The Grand Bargain calls for aid organisations and donors to increase multi-year humanitarian planning and funding. However, the extent to which progress is being made remains unclear. Existing data sources – including the Grand Bargain self-reporting process, the Financial Tracking Service (FTS) of the United Nations Office for the Coordination of Humanitarian Affairs (OCHA), the International Aid Transparency Initiative (IATI) and independent research – do not currently provide a clear picture of the quantity of multi-year funding passing through the humanitarian system.

This study seeks to provide an indicative baseline for multi-year humanitarian funding, analysing data collected directly from Grand Bargain signatories – 11 donors and 10 aid organisations. Key findings drawn from data analysis and key informant interviews are as follows:

Donor allocations of multi-year humanitarian funding have grown

Data collected directly from 11 donors shows that the volume of humanitarian funding they provide and identify as “multi-year” has grown year-on-year, both by volume and as a proportion of their total humanitarian contributions since 2016. Between 2016 and 2018, multi-year funding from these donors grew to US$4.8 billion, a 75% increase. In 2018, multi-year funding accounted for 36% of total humanitarian assistance from these donors.

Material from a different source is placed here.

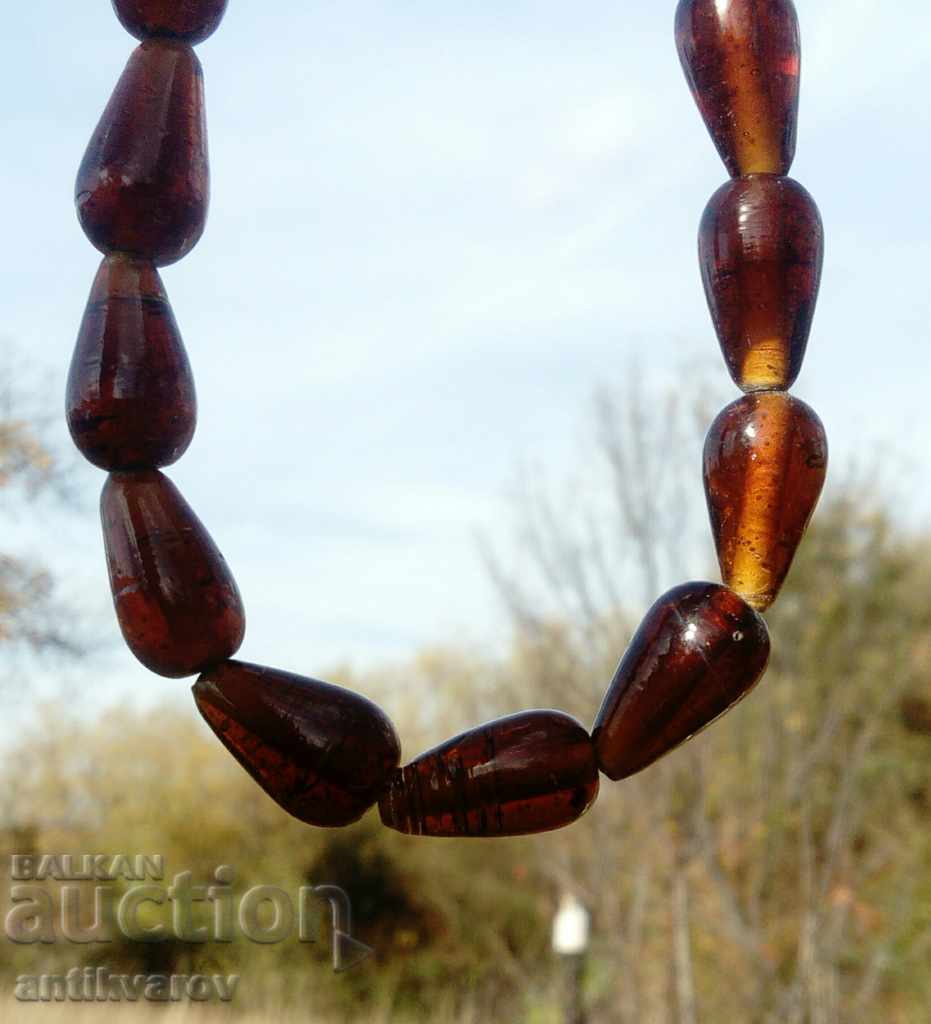 Glass necklace, necklace, amber color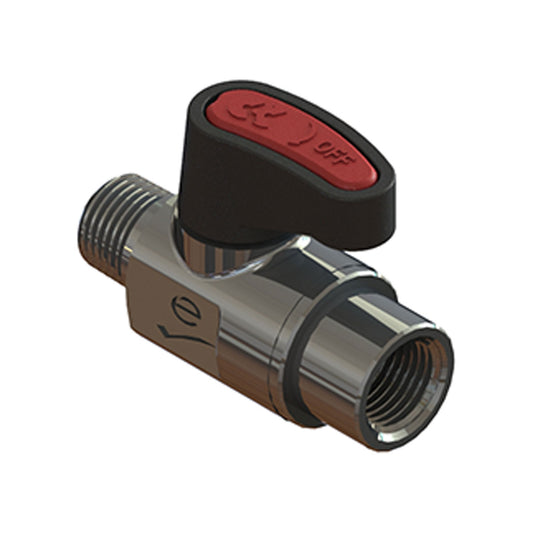Camozzi 2944 1/4-1/4 - 1/4 BSP M x F brass mini ball valve-lever op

A variety of factors drive growth in multi-year humanitarian funding from donors

The growth in multi-year contributions was felt, by both donor and aid organisation interviewees, to have been in part enabled by the Grand Bargain process, though only a small number indicated that the Grand Bargain had triggered an overhaul in approach.

For donors, in-house efficiencies in managing grants often generated some of the immediate transitions to multi-year approaches.

Data on earmarking is limited, but where reported, it shows that the majority of multi-year humanitarian funding is earmarked

Data collected on the earmarking of multi-year humanitarian funding for 2016 to 2018 was limited, with an average of 65% not reported with an earmarking category. Where data did indicate the extent of earmarking, “earmarked” or “tightly earmarked” funds account for the majority of multi-year funds in all three years between 2016 and 2018.
These “earmarked” and “tightly earmarked” funds grew as a proportion of multi-year funding for which an earmarking category was provided, from 74% in 2016 to 80% in 2017, before decreasing to 65% in 2018.